Note: Related to performance challenges described in #9292

Dask uses apply-concat-apply (ACA) for most DataFrame reductions and groupby aggregations. This algorithm is typically effective when the final output fits comfortably within a single DataFrame/Series partition. However, performance often degrades quickly as the size of the output grows (and split_out is set to something greater than ~4-8). We can refer to the case where split_out must be >1 as a "high-cardinality" groupby aggregation.

The high-cardinality case is currently handled by splitting the intial blockwise groupby aggregation by hash. A distinct ACA tree reduction is then performed for each hash-based "split". For example, the groupby-aggregation graph for a 6-partition DataFrame with split_out=2 will look something like this:

This PR improves the performance of high-cardinality groupby aggregations by leveraging the fact that a shuffle operation will typically require fewer overal tasks than a duplicated tree reduction once split_out becomes large enough. That is, for cases where a rough task-count estimate begins to favor a shuffle, the task graph will now look something like this:

import time
import dask.dataframe as dd
from dask.datasets import timeseries

from dask.distributed import LocalCluster, Client, wait

cluster = LocalCluster(local_directory="/raid/my-dask-space/")
client = Client(cluster)

ddf = timeseries(
    id_lam=int(1e18),
    start='2000-01-01',
    end='2017-01-01',
    freq='1s',
    seed=15,
)
agg = ddf.groupby(
    "id",
    dropna=False,
).agg(
    {"x": "sum", "y": "mean"},
    split_every=16,  # Note that the default split_every is a bit small when split_out>1
    split_out=8, 
)
result = agg.persist()

t0 = time.time()
wait(result)
total_time = time.time() - t0
print(total_time, len(result))

This PR: 42.99, 53101633 (24354 tasks)
Main: 71.16, 53101633 (53016 tasks)

(Note that this algorithm makes it possible to sort the global order of groups, while the current approach does not. However, sorting isn't targetted in this PR.)

Another Alternative

Although it is clear that the shuffle-based groupby is superior to "split-then-tree reduce" for large values of split_out, it should require even fewer tasks to perform a single-split tree reduction down to ~split_out partitions, and then perform the shuffle:

I have been exploring this algorithm in a seperate branch, but have not had any luck outperforming the shuflle-based groupby yet.
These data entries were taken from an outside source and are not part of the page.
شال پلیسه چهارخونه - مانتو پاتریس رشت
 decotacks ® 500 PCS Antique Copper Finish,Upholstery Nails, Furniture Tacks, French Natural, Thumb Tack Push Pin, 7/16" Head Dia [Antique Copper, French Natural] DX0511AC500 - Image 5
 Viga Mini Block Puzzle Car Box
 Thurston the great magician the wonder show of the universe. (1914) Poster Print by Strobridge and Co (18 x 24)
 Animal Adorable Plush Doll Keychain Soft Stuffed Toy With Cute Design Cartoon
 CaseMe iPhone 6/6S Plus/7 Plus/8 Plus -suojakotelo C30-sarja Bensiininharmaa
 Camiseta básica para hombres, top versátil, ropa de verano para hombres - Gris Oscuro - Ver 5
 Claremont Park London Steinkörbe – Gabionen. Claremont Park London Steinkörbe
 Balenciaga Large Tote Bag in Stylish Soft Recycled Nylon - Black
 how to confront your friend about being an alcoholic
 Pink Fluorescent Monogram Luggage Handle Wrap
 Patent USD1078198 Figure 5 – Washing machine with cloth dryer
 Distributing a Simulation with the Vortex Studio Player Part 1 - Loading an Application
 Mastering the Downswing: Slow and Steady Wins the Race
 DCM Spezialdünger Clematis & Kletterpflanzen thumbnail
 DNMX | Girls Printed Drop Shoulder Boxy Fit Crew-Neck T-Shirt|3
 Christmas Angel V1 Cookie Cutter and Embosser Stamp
rjzamora · 2022-07-25T18:33:16Z

Another fun note: The shuffle-based groupby algorithm can use the "p2p" option. For example:

ddf.groupby(
    "id", dropna=False
).agg(
    {"x": "sum", "y": "mean"},  split_every=16, split_out=8,  shuffle="p2p"
)

gjoseph92 · 2022-07-25T22:54:12Z

This is awesome @rjzamora, great thinking!

This seems vaguely related to #8361.

It also makes me wonder if we could simplify/do away with the split_out (and maybe split_every?) parameters with this approach, since it seems like shuffling is almost always going to be better when split_out > 1, so perhaps we don't even need to support multi-output tree-reduction cases anymore. Maybe we could just have a flag like high_cardinality: bool = False or single_partition_output: bool = True, to switch between shuffle-based and tree-agg based. That would be so much easier to document and explain to users.

rjzamora · 2022-07-25T23:12:29Z

This seems vaguely related to #8361.

Good call - Thanks for linking that!

It also makes me wonder if we could simplify/do away with the split_out (and maybe split_every?) parameters with this approach, since it seems like shuffling is almost always going to be better when split_out > 1, so perhaps we don't even need to support multi-output tree-reduction cases anymore. Maybe we could just have a flag like high_cardinality: bool = False or single_partition_output: bool = True, to switch between shuffle-based and tree-agg based. That would be so much easier to document and explain to users.

Right - I was thinking that something like an estimated (or optionally inferred from the first partition) ‘cardinality_ratio’ could be used to set reasonable defaults for everything. A ratio of unique records to all records gives you a rough idea of how much your data should “compress” after the global aggregation.

mrocklin · 2022-07-26T00:45:26Z

Cool. Do you have a sense for how this performs in a few relevant scenarios? I'd be curious about high cardinality / low cardinality and larger than memory / not larger than memory.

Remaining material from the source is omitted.